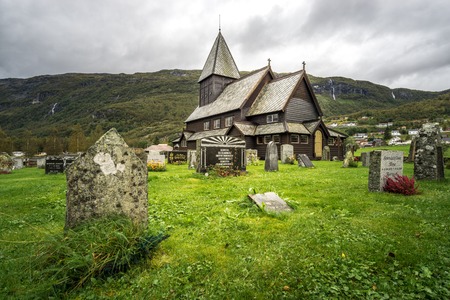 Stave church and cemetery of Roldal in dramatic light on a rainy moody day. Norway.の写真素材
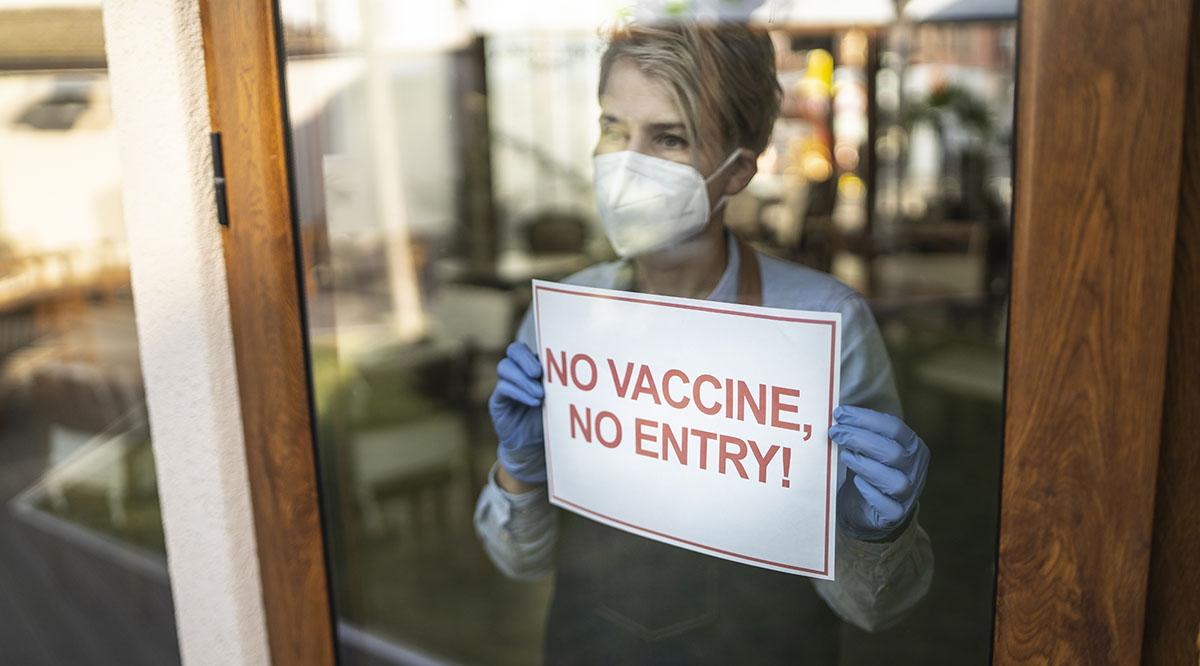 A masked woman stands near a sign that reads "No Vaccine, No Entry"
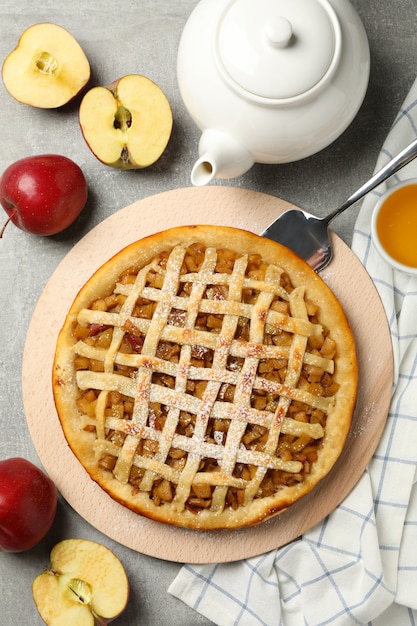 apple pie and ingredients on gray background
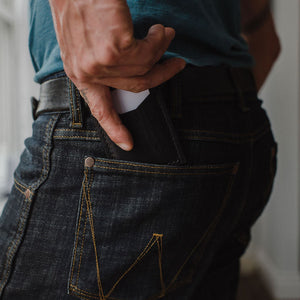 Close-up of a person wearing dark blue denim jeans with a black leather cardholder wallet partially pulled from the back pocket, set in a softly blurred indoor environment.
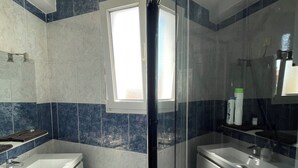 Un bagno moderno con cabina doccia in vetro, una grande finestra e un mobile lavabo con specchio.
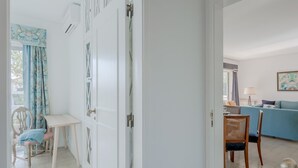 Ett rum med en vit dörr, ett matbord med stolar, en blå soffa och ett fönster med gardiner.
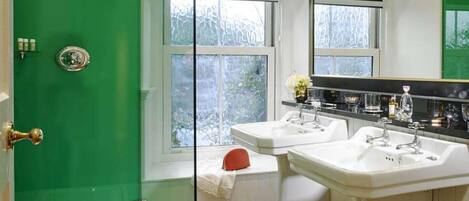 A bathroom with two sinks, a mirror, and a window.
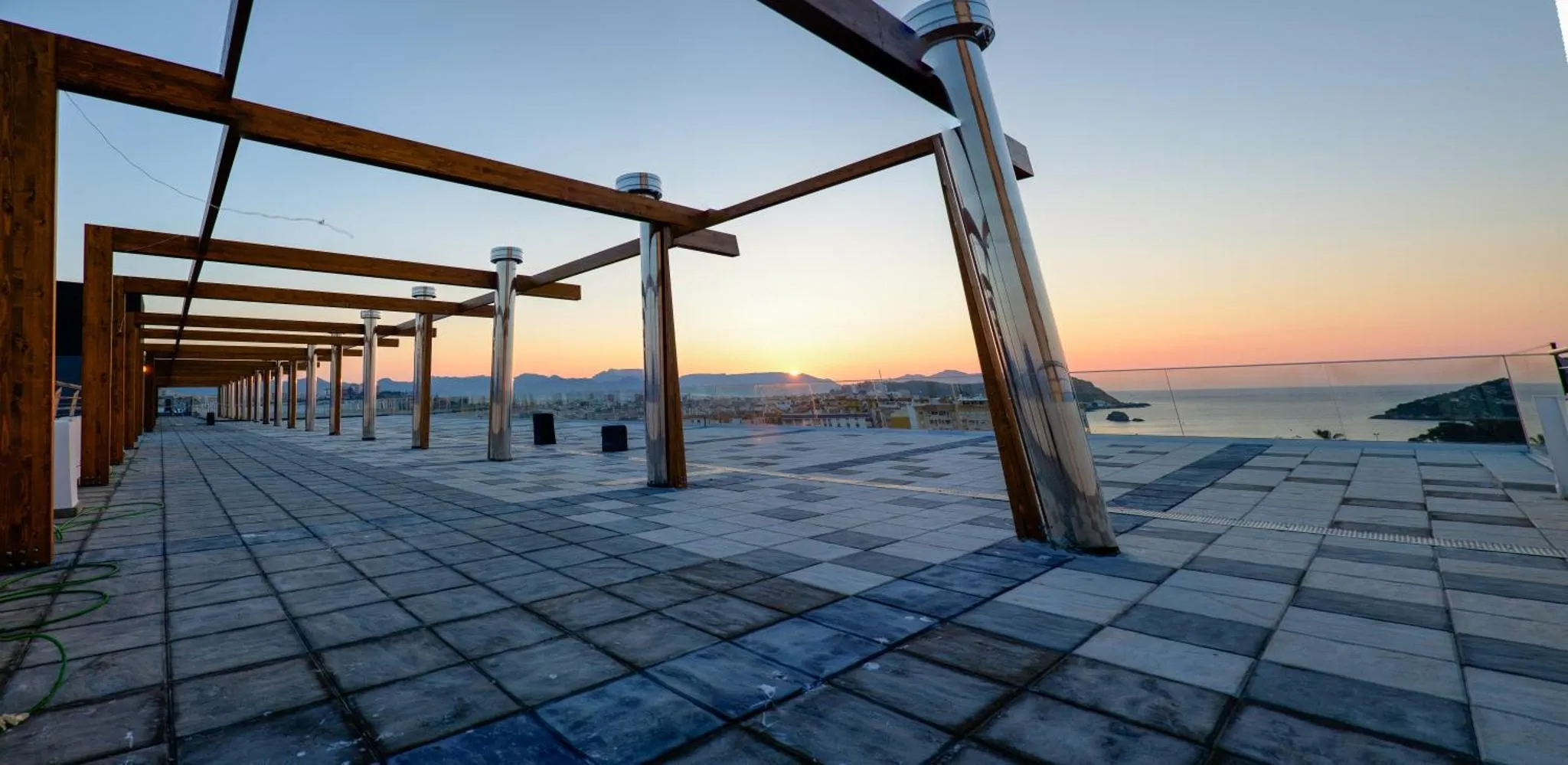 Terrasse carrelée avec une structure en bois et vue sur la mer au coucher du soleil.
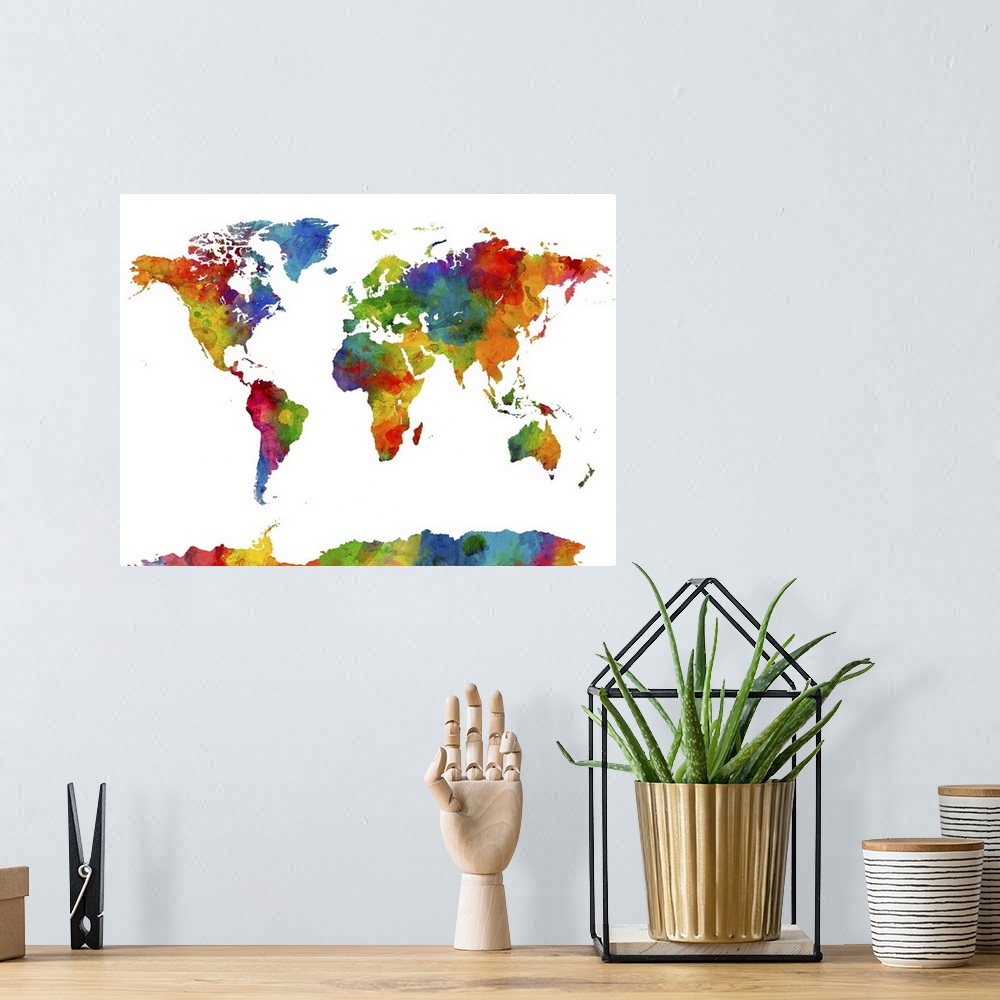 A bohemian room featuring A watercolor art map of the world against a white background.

——————————

• _Action item_:
All of the data must be repeated exactly, except for the pictures.

• _Solution to the problem_:
 Stave church and cemetery of Roldal in dramatic light on a rainy moody day. Norway.の写真素材
 A masked woman stands near a sign that reads "No Vaccine, No Entry"
 apple pie and ingredients on gray background
 Close-up of a person wearing dark blue denim jeans with a black leather cardholder wallet partially pulled from the back pocket, set in a softly blurred indoor environment.
 Un bagno moderno con cabina doccia in vetro, una grande finestra e un mobile lavabo con specchio.
 Ett rum med en vit dörr, ett matbord med stolar, en blå soffa och ett fönster med gardiner.
 A bathroom with two sinks, a mirror, and a window.
 Terrasse carrelée avec une structure en bois et vue sur la mer au coucher du soleil.
 A bohemian room featuring A watercolor art map of the world against a white background.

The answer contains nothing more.